- **RECORDED INFORMATION**:
=== Section Start ===
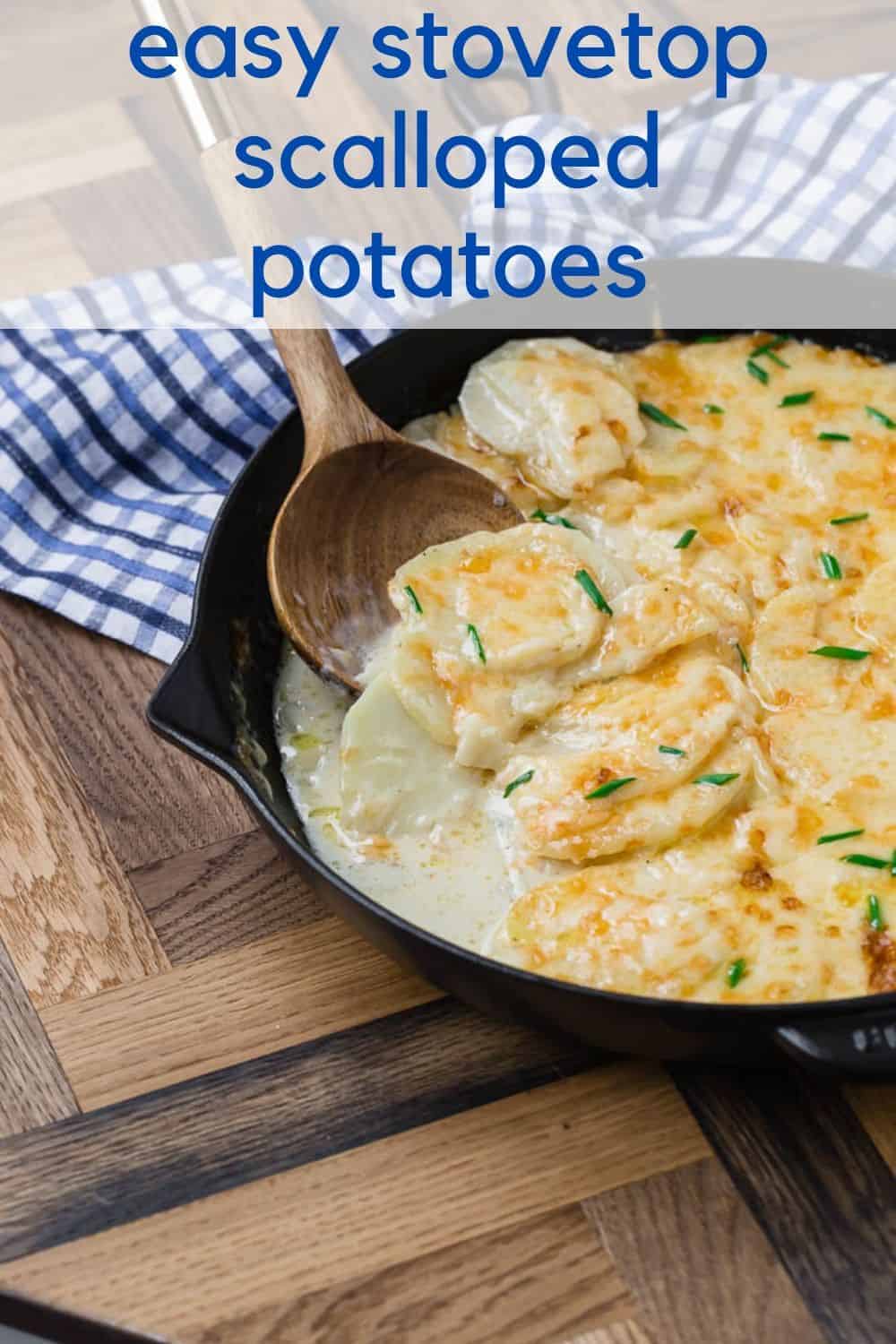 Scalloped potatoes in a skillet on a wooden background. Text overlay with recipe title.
=== Section End ===
=== Section Start ===
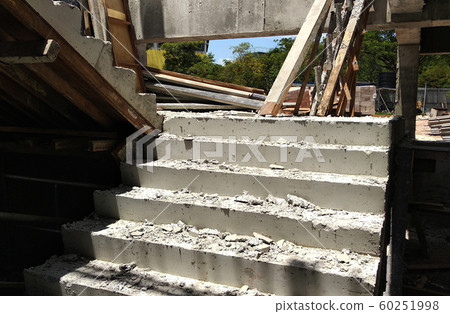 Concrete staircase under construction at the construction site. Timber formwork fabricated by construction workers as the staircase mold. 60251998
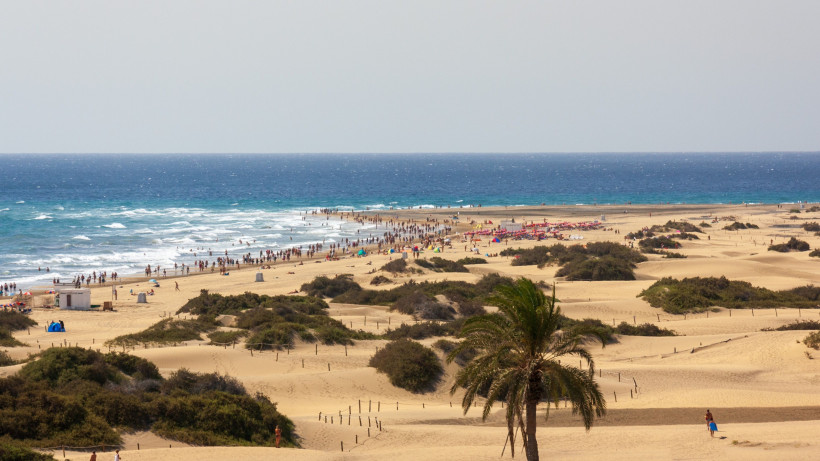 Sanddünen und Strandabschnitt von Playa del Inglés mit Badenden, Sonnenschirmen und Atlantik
=== Section End ===
- **EXERCISE BRIEF**:
Above are some entries. Restate word for word the lines from the one holding "Concrete staircase under" through the one holding "Sanddünen und Strandabschnitt", but not the pictures.

- **WRITTEN SOLUTION**:
 Concrete staircase under construction at the construction site. Timber formwork fabricated by construction workers as the staircase mold. 60251998
 Sanddünen und Strandabschnitt von Playa del Inglés mit Badenden, Sonnenschirmen und Atlantik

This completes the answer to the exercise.